» **Description of the task**
Pictures in the data below are not part of the copy; transcribe everything else exactly.

» **Data extract**
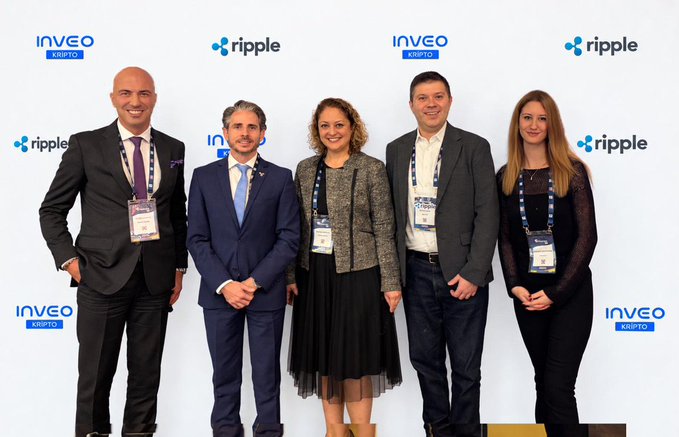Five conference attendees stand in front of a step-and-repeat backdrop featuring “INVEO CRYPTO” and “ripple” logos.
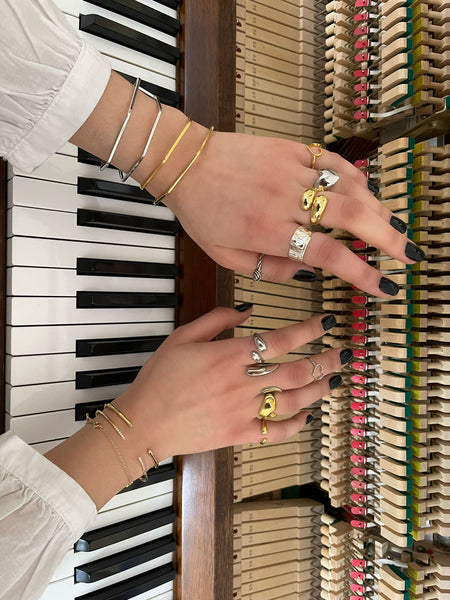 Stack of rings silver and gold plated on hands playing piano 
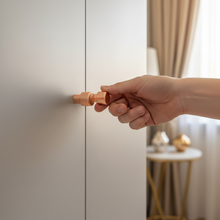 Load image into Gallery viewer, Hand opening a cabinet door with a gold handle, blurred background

» **Response to the exercise**
Five conference attendees stand in front of a step-and-repeat backdrop featuring “INVEO CRYPTO” and “ripple” logos.
 Stack of rings silver and gold plated on hands playing piano 
 Load image into Gallery viewer, Hand opening a cabinet door with a gold handle, blurred background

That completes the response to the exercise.